Si on en croit le Projet Aristote de Google, une équipe performante a besoin de trois éléments fondamentaux :
- une forte conscience de l’importance de ses liens sociaux (ou sensibilité sociale) ;
- un environnement dans lequel chaque collaborateur peut s’exprimer sur un pied d’égalité ;
- une sécurité psychologique permettant à chacun de se montrer tel qu’il est sans craindre des conséquences négatives.
Pour réunir et exploiter ces trois éléments, toute organisation aura besoin d’un leader émotionnellement intelligent. Si toutes les conditions sont réunies, ce dernier sera en mesure de créer un sentiment d’appartenance et de “care”. Et lorsqu’un tel sentiment est créé, les résultats en termes de performance sont impressionnants. Les collaborateurs seront en effet :
- 10 fois plus susceptibles de recommander leur entreprise comme un excellent lieu de travail ;
- 9 fois plus susceptibles de rester dans leur entreprise pendant trois ans ou plus ;
- 7 fois plus susceptibles de se sentir inclus au travail ;
- et 4 fois moins susceptible d’être exposés au stress et au burnout.
Les entreprises s’inquiètent de plus en plus de la santé mentale et émotionnelle de leurs employés
Alors que de plus en plus d’entreprises prennent conscience de l’importance (et de l’obligation légale) d’assurer la santé mentale de leurs employés, certaines organisations ouvrent la voie en la priorisant encore davantage.

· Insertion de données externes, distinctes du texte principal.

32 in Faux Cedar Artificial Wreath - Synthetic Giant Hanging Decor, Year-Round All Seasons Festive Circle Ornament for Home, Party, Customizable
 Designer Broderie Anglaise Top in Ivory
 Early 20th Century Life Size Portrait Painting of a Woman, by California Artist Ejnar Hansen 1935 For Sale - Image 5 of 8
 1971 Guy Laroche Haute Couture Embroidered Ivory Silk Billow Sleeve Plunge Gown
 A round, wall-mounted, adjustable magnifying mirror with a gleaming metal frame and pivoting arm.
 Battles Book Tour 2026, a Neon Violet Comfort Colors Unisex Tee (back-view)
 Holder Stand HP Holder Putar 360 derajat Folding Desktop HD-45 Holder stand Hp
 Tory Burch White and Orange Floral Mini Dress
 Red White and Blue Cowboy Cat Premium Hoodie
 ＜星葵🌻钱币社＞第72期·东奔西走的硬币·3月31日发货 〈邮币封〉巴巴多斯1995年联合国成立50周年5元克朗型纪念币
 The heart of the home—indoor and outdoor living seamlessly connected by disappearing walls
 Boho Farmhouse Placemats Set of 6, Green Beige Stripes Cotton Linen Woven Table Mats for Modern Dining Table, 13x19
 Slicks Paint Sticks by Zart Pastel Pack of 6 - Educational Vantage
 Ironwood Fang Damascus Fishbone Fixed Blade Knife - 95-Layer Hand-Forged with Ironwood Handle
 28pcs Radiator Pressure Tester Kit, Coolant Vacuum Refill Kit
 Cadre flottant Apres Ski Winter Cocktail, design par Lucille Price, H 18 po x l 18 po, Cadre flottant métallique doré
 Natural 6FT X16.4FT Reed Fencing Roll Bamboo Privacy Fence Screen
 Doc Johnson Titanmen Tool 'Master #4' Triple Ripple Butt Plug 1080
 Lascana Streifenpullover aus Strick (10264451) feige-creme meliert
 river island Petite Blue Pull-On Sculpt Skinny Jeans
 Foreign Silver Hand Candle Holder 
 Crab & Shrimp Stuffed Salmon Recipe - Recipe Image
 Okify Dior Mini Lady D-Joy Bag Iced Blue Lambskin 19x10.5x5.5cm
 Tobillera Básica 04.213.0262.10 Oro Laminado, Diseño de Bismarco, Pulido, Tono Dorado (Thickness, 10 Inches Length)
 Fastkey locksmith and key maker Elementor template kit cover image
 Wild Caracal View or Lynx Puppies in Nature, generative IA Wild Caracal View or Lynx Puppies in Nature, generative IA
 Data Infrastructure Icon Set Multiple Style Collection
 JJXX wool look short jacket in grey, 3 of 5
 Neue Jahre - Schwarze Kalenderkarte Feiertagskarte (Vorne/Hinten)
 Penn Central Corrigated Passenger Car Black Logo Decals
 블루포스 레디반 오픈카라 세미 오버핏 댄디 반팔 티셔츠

Fragilisés par la distanciation sociale imposée et un climat économique incertain, des employeurs comme Nike, Bumble ou LinkedIn acceptent ainsi de fermer leurs bureaux pour plusieurs jours. L’objectif derrière cette décision ? Offrir une pause à leurs salariés pour leur permettre de se ressourcer et de réduire leur stress lié au contexte sanitaire et socio-économique. Car derrière le stress, se cache un risque plus élevé de burnout…
L’entreprise EY (anciennement Ernst & Young) a quant à elle lancé le programme « R U okay ? » (littéralement “Tu vas bien ?”) en 2016. Cette initiative a permis à l’entreprise d’intensifier les discussions autour de la santé mentale au travail et d’offrir plus de services à ses employés. Au cours des trois premiers mois, EY a constaté une augmentation de 30% des appels à sa ligne d’assistance !
Chez Microsoft, les employés partagent également leur vécu en matière de santé mentale. Les échanges sur le sujet se réalisent ainsi de manière organique plutôt que par le biais d’un programme. Ils sont néanmoins renforcés par l’initiative Microsoft Cares, qui offre des conseils en personne, par email ou téléphone. L’entreprise propose également des groupes de soutien et des ateliers pour les employés qui en ressentent le besoin.
Dans quelles conditions intelligence émotionnelle et management peuvent-ils prospérer ?
Le sujet de l’intelligence émotionnelle est devenu l’une des thématiques clés en matière de leadership. Ce trait que l’on peut de mieux en mieux mesurer, mais aussi développer, affecte concrètement la manière dont une entreprise et ses dirigeants encadrent et engagent leurs équipes.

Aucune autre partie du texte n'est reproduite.